When I’m doing content analysis on GOV.UK, sometimes I need to analyse page level data which is not tracked through analytics software but still represents valuable information. In these circumstances I use the ImportXML feature in Google Sheets which enables me to extract (‘scrape’) specific page data.
Recently, I’ve been working on a group of education content pages on GOV.UK. I wanted to be able to scrape when those pages were last updated in order to sort them based on the most recent update. The last updated information is found at the bottom of each of my pages :
However as the last updated information has no metric to track within analytics software, I used the ImportXML function in Google Sheets. My results can be found in this spreadsheet using an example of the pages that I was interested in.
Finding the XPath
The location of the last updated information is consistent across all of the pages I wanted to analyse. This is handy as ImportXML requires you to identify the XPath of the specific piece of data you want to scrape. Therefore once I was able to identify the XPath of the last updated information on one of my pages, I could implement it into the Google Sheets formula and then apply it to all of the URLs I was interested in.

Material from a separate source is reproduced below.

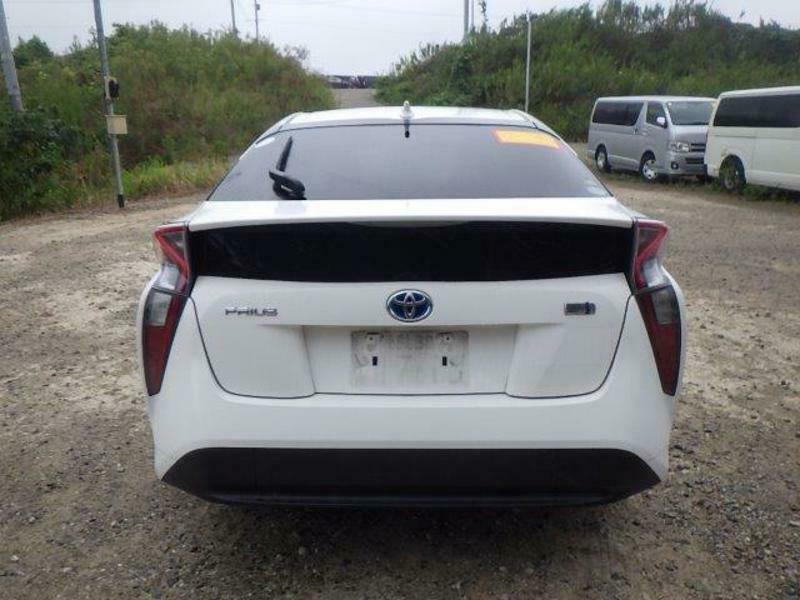 PRIUS-12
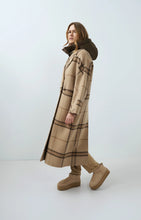 Load image into Gallery viewer, YAYA Beige check coat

Using Google Chrome, the XPath of specific page data can easily be found by highlighting and then right-clicking on it and then selecting ‘Inspect’. Firefox users can get XPath data from the Firebug add-on.
Clicking ‘Inspect’ opens up the elements console and highlights the section of the page that I am interested in. Below we can see the console has identified where the last updated information resides.
The console allows me to scrape the XPath of the last updated information by right-clicking onto highlighted section, selecting ‘Copy’ and then ‘Copy XPath’.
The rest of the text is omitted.